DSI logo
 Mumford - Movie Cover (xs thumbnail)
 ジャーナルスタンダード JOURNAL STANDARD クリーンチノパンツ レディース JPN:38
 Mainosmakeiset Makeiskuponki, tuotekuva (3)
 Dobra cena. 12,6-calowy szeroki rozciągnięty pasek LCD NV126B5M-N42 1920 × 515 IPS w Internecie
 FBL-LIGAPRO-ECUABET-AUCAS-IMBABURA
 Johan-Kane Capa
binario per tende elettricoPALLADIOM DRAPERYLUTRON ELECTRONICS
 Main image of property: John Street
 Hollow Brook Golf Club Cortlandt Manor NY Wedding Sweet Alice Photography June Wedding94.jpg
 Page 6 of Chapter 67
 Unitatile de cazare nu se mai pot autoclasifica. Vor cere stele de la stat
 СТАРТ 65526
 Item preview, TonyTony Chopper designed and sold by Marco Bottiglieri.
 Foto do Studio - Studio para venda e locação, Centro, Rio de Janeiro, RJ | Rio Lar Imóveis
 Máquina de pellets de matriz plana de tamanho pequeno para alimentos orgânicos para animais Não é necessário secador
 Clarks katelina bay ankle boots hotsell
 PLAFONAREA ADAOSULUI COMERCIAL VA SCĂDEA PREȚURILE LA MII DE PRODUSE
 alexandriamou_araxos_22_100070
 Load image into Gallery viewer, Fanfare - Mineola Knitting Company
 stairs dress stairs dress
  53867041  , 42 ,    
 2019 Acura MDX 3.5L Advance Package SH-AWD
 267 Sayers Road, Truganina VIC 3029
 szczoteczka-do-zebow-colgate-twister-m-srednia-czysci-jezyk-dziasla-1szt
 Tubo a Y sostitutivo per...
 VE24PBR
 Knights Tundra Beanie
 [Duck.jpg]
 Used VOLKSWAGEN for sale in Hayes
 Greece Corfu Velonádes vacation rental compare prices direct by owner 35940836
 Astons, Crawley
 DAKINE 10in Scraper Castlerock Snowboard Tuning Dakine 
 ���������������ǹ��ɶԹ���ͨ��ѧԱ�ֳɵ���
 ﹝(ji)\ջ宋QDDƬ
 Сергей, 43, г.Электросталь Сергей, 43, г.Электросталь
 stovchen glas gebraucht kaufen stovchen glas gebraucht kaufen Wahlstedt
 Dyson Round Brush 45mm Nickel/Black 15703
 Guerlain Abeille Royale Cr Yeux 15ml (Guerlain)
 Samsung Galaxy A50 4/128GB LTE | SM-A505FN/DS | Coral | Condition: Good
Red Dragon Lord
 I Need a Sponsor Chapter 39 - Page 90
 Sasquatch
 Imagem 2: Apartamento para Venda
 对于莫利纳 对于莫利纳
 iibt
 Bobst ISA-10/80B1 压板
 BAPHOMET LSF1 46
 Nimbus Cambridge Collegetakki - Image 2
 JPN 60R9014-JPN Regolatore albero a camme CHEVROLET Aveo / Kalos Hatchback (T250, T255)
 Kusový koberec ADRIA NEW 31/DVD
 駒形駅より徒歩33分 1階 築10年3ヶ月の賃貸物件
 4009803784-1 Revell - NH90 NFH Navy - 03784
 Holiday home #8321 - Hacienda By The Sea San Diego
***
What you need to do: Quote verbatim the opening lines of the listing above, ending with the line where "Nimbus Cambridge Collegetakki - Image 2" appears; include both endpoints and nothing more.

Final answer:
DSI logo
 Mumford - Movie Cover (xs thumbnail)
 ジャーナルスタンダード JOURNAL STANDARD クリーンチノパンツ レディース JPN:38
 Mainosmakeiset Makeiskuponki, tuotekuva (3)
 Dobra cena. 12,6-calowy szeroki rozciągnięty pasek LCD NV126B5M-N42 1920 × 515 IPS w Internecie
 FBL-LIGAPRO-ECUABET-AUCAS-IMBABURA
 Johan-Kane Capa
binario per tende elettricoPALLADIOM DRAPERYLUTRON ELECTRONICS
 Main image of property: John Street
 Hollow Brook Golf Club Cortlandt Manor NY Wedding Sweet Alice Photography June Wedding94.jpg
 Page 6 of Chapter 67
 Unitatile de cazare nu se mai pot autoclasifica. Vor cere stele de la stat
 СТАРТ 65526
 Item preview, TonyTony Chopper designed and sold by Marco Bottiglieri.
 Foto do Studio - Studio para venda e locação, Centro, Rio de Janeiro, RJ | Rio Lar Imóveis
 Máquina de pellets de matriz plana de tamanho pequeno para alimentos orgânicos para animais Não é necessário secador
 Clarks katelina bay ankle boots hotsell
 PLAFONAREA ADAOSULUI COMERCIAL VA SCĂDEA PREȚURILE LA MII DE PRODUSE
 alexandriamou_araxos_22_100070
 Load image into Gallery viewer, Fanfare - Mineola Knitting Company
 stairs dress stairs dress
  53867041  , 42 ,    
 2019 Acura MDX 3.5L Advance Package SH-AWD
 267 Sayers Road, Truganina VIC 3029
 szczoteczka-do-zebow-colgate-twister-m-srednia-czysci-jezyk-dziasla-1szt
 Tubo a Y sostitutivo per...
 VE24PBR
 Knights Tundra Beanie
 [Duck.jpg]
 Used VOLKSWAGEN for sale in Hayes
 Greece Corfu Velonádes vacation rental compare prices direct by owner 35940836
 Astons, Crawley
 DAKINE 10in Scraper Castlerock Snowboard Tuning Dakine 
 ���������������ǹ��ɶԹ���ͨ��ѧԱ�ֳɵ���
 ﹝(ji)\ջ宋QDDƬ
 Сергей, 43, г.Электросталь Сергей, 43, г.Электросталь
 stovchen glas gebraucht kaufen stovchen glas gebraucht kaufen Wahlstedt
 Dyson Round Brush 45mm Nickel/Black 15703
 Guerlain Abeille Royale Cr Yeux 15ml (Guerlain)
 Samsung Galaxy A50 4/128GB LTE | SM-A505FN/DS | Coral | Condition: Good
Red Dragon Lord
 I Need a Sponsor Chapter 39 - Page 90
 Sasquatch
 Imagem 2: Apartamento para Venda
 对于莫利纳 对于莫利纳
 iibt
 Bobst ISA-10/80B1 压板
 BAPHOMET LSF1 46
 Nimbus Cambridge Collegetakki - Image 2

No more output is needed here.